Víctor Moreno

Personal information
- Full name: Víctor Moreno Alcalá
- Date of birth: 30 September 2005 (age 20)
- Place of birth: Granada, Spain
- Height: 1.74 m (5 ft 9 in)
- Position: Winger

Team information
- Current team: Tenerife

Youth career
- Atarfe Industrial
- 2012–2013: Maracena
- 2013–2014: Granada
- 2014–2019: Villarreal
- 2019–2020: Roda
- 2020–2021: Villarreal
- 2021–2022: Roda
- 2022–2023: Villarreal

Senior career*
- Years: Team / Apps / (Gls)
- 2023–2026: Villarreal B / 56 / (6)
- 2026: → Cultural Leonesa (loan) / 16 / (2)
- 2026–: Tenerife / 0 / (0)

International career
- 2021–2022: Spain U17 / 11 / (1)
- 2022–: Spain U18 / 2 / (0)

= Víctor Moreno (footballer) =

Spanish footballer (born 2005)

Víctor Moreno Alcalá (born 30 September 2005) is a Spanish footballer who plays as a winger for CD Tenerife.

==Club career==
Born in Granada, Andalusia, Moreno joined Villarreal CF's youth setup in 2014, after representing Granada CF, UD Maracena and Atarfe Industrial CF. In July 2023, after finishing his formation, he was promoted straight to the reserves in Segunda División.

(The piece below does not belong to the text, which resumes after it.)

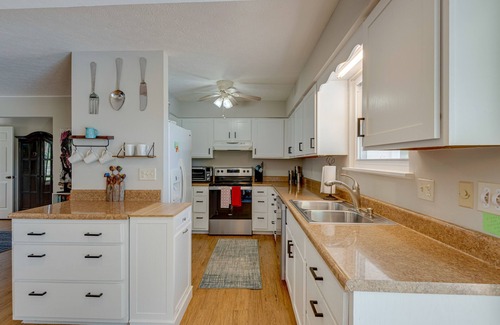 Ashland City House | Charming Getaway - Ping Pong - Pool - Hot Tub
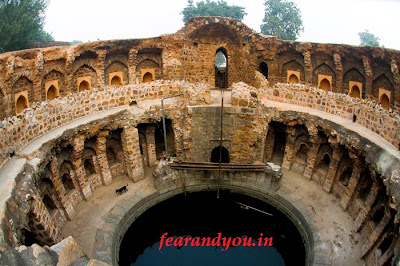 haunted-places-in-delhi-feroz-shah-kotla-fort-is-said-to-have-djinns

Moreno made his professional debut with the B's on 12 August 2023, coming on as a late substitute for Rodri in a 2–0 away loss to Real Zaragoza. He scored his first professional goal the following 2 June, netting the winner in a 1–0 home success over Racing de Santander, as his side was already relegated.

On 20 January 2026, Moreno was loaned to second division side Cultural y Deportiva Leonesa until June. On 11 July, after suffering relegation, he moved to fellow league team CD Tenerife on a three-year contract.

==International career==
Moreno represented Spain at under-17 and under-18 levels.